Not sure which method is optimal. I guess using an address register will generate a more compact instruction, but I wont let myself worry about that.

Even better, we can use a nested macro for writing a register:

    macro VDPWriteToControl, value
        move.w \value, $C00004
    endmacro

    macro VDPSetRegister, register, value
        VDPWriteToControl #((( $80 | \register) << 8 ) | \value)
    endmacro

A little voice in my head says this is not at all how they programmed the console back in the 90s, and it goes on to say that if that’s the way it’s gonna be, I’d be better off using a C compiler or something.

I’m ignoring the voice.

After adding one more macro to write to the data port, here is how our previous “blue screen” test looks like:

    VDPWriteToControl #$C000    ; Give the command to write to palette entry 0
    VDPWriteToControl #$0000
    VDPWriteToData #$0E00        ; Write BLUE to the data port
    
    VDPSetRegister 7, 0         ; Set VDP register #07 (BGColor) to 0
    
    VDPSetRegister 0, $04        ; Set r#00 as the manual says
    VDPSetRegister 1, $44        ; Set bit 7 of VDP r#01, to enable display

Initializing the VDP

After spending about half an hour making sure there’s absolutely nothing left to do to make my life easier, it’s time to do this full VDP initialization we talked about in Chapter 2.

Procrastination.png

OR, I can take a break and go for a walk!

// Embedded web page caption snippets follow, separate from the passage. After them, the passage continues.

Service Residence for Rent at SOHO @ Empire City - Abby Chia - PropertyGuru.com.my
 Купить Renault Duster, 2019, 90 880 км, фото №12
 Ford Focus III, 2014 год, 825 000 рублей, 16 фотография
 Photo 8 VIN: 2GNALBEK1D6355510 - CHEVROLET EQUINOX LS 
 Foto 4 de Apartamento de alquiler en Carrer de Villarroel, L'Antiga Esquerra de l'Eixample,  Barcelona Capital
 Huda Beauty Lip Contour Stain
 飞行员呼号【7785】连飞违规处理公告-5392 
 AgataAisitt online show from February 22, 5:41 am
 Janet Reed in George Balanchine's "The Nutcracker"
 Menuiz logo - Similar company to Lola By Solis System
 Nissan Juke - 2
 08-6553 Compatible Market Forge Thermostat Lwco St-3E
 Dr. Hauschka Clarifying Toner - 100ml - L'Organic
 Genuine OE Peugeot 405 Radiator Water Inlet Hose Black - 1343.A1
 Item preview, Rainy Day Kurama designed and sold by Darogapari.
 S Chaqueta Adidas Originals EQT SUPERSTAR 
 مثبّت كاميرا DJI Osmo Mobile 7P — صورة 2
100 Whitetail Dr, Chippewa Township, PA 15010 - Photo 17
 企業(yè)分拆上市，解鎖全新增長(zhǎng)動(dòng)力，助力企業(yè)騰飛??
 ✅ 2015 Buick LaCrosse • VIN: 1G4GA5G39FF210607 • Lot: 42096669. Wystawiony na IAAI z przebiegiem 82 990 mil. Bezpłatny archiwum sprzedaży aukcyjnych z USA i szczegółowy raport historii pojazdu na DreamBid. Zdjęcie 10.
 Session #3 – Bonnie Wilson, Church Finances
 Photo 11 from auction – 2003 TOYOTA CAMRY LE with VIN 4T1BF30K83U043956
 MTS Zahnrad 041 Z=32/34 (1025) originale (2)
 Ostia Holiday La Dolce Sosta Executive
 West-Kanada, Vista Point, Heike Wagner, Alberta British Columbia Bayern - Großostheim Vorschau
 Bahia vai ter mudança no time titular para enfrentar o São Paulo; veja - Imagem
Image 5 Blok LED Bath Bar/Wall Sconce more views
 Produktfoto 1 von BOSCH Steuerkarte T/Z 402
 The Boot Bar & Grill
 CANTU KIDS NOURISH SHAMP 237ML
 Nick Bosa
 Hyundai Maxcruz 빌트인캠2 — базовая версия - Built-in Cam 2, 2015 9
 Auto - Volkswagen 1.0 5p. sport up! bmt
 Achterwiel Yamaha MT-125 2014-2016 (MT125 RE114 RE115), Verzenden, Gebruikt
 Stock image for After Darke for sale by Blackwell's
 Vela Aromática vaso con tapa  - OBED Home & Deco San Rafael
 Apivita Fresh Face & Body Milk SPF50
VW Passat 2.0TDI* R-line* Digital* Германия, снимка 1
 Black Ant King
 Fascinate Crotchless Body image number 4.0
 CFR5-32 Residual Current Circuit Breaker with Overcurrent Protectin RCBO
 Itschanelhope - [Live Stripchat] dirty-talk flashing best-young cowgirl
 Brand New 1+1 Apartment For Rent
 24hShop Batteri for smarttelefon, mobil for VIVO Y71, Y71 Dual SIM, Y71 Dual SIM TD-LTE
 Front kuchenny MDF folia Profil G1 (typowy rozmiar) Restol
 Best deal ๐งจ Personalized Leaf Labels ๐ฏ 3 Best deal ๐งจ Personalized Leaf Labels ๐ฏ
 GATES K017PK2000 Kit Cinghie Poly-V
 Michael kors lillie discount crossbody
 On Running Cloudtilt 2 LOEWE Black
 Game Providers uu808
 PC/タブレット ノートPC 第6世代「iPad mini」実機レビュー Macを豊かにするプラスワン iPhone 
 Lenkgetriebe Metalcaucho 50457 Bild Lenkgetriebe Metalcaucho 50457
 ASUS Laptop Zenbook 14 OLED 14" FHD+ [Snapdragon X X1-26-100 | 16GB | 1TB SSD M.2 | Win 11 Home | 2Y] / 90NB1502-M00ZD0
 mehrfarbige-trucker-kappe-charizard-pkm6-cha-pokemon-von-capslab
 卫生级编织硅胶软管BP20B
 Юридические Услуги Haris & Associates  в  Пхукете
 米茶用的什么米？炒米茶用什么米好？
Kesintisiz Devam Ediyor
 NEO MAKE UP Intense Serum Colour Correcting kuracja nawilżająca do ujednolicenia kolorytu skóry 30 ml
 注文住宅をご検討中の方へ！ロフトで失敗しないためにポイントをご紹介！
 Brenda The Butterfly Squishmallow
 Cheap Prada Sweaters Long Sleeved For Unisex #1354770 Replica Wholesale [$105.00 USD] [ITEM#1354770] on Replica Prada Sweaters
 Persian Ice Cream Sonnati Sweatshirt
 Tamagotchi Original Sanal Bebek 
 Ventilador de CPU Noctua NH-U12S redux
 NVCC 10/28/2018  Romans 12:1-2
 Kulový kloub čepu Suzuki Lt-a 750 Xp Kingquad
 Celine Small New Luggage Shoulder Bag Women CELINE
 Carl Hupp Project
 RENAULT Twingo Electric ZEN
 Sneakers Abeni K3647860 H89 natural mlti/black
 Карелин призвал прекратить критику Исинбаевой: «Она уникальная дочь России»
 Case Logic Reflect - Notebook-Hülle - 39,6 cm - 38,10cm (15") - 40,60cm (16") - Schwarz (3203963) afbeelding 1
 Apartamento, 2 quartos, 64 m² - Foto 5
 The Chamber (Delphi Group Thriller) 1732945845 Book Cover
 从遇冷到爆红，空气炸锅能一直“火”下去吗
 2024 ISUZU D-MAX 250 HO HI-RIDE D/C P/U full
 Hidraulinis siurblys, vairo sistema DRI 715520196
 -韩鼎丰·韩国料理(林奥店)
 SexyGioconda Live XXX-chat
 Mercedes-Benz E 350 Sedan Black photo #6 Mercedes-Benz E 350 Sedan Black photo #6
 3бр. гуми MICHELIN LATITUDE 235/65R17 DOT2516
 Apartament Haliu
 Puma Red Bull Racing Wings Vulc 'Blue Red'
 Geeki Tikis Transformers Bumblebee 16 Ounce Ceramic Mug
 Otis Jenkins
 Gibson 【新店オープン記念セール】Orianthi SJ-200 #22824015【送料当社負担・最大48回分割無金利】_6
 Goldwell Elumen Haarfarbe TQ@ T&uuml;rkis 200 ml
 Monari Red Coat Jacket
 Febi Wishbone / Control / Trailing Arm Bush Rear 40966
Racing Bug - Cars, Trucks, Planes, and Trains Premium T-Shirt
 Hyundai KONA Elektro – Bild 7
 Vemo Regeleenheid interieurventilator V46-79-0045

After all, it’s better to do this kind of thing with a clear head, isn’t it?

Ok, I’m back! I’m so bored to do the following that I took one of my long walks today.

The “long walk” protocol is simple: I choose a random direction and walk as far away from home as possible, taking random turns as I go, until I get lost. Then I use my (often perfect) sense of direction to guide me home.

This randomness makes the walk a bit more adventurous. You never know what lies after the next corner (mostly houses though). It also is an interesting way to burn some calories… At least more interesting than the treadmill.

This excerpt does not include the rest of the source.